Esterhazy reçut d’Henry l’assurance formelle qu’il ne serait pas arrêté ; — sinon, il avoue, il raconte tout ; — qu’aucune perquisition (d’ailleurs inutile) ne serait faite chez lui[1]. Ainsi sera-t-il établi que l’État-Major le sait innocent, victime d’une détestable machination. Saussier était consentant.

Une autre réponse eût été plus probante qu’une demande d’enquête : poursuivre Mathieu Dreyfus en cour d’assises, où la preuve est admise, produite, discutée publiquement au grand jour)[2].

Pour qui eût réfléchi, choisir, au lieu de la pleine lumière des assises, les pénombres d’une enquête à huis clos, c’était déjà l’aveu et du crime et de la collusion.

À l’État-Major, Boisdeffre (mais sous le coup de fouet de Drumont) s’engagea à fond.

Drumont, ce matin même, l’avait vertement tancé pour la mollesse de son attitude. Il le frappait à l’endroit sensible, lui reprochant d’exploiter l’alliance russe, de s’en faire une réclame près des badauds, d’ailleurs incapable[3].

Esterhazy avait « fait marcher » aussi l’Intransigeant.

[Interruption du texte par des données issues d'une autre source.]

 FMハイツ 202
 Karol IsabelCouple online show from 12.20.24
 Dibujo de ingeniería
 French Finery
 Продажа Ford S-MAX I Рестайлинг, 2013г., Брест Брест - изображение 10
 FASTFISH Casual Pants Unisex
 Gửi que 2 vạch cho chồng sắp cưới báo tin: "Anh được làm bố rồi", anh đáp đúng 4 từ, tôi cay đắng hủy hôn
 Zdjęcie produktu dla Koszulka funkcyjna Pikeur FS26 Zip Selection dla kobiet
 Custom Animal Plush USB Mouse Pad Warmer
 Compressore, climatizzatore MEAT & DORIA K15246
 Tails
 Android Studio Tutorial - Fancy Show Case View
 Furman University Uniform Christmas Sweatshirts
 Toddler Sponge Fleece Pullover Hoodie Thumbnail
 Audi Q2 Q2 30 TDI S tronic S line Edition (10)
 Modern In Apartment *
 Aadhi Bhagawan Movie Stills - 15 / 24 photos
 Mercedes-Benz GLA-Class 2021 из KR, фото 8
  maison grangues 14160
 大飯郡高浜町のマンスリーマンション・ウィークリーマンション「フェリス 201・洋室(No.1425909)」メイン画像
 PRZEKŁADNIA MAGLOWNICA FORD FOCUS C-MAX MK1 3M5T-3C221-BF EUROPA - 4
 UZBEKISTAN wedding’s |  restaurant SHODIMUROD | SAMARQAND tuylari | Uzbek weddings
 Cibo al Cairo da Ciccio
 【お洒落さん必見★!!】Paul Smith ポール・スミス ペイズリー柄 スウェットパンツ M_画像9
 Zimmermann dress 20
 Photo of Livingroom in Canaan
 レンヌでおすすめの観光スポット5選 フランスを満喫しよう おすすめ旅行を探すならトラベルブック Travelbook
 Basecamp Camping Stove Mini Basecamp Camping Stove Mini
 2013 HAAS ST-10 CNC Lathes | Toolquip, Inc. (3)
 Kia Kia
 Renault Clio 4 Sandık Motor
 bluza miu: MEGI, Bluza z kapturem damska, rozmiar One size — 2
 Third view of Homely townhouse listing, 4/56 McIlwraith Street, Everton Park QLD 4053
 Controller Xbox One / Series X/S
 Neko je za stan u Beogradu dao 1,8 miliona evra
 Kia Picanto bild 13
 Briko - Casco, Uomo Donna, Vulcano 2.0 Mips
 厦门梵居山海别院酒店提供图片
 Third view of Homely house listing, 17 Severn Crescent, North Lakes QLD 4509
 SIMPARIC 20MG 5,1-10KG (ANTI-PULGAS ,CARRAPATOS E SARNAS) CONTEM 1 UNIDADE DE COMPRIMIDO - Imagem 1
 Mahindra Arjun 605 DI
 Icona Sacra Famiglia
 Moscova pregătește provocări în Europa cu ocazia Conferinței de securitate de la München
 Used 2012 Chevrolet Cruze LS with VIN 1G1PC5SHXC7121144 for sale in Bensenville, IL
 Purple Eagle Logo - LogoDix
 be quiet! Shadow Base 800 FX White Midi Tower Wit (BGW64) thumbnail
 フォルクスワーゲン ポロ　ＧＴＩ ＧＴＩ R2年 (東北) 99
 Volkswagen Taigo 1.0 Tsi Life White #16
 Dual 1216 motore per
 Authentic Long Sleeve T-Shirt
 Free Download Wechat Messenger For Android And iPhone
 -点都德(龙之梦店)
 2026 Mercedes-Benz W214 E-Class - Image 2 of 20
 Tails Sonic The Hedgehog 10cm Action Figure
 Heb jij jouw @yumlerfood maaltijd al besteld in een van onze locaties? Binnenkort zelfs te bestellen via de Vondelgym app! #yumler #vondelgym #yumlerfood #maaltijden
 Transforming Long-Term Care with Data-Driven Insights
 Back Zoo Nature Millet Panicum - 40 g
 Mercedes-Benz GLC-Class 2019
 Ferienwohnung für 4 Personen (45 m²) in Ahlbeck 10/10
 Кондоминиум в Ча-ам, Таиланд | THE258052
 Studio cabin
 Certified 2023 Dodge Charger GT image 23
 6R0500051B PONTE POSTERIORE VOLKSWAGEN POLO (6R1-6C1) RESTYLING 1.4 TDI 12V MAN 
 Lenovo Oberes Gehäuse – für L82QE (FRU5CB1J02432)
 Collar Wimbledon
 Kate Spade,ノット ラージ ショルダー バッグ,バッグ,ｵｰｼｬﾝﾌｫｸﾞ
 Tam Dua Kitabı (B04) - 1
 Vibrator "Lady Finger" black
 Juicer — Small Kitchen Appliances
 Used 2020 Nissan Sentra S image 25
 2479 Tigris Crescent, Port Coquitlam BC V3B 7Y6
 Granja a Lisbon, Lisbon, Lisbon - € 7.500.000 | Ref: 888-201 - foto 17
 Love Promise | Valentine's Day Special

On ignore qui fit la paix de Boisdeffre avec Drumont ;

  1. Dép. à Londres (1er mars 1900). — Billot dit que ce fut Saussier qui décida de laisser Esterhazy en « liberté provisoire » ; il place cette décision au moment de la seconde enquête de Pellieux (Rennes. II. 174). De même, Gonse : « Esterhazy avait été laissé en liberté, chose qui nous échappe encore complètement, par ordre du général Saussier. L’État-Major n’y était absolument pour rien : je tiens à le déclarer bien nettement. » (Rennes, II. 161.) Gonse dit qu’en conséquence Esterhazy était « un accusé pas ordinaire, un accusé spécial ».
  2. Autorité du 6 décembre 1897, article de Cassagnac.
  3. « Il exploite la sympathie un peu badaude qui s’attache à tout ce qui touche à la Russie… Notre nouveau Berthier a été au-dessous de tout. » (Libre Parole du 16 novembre.)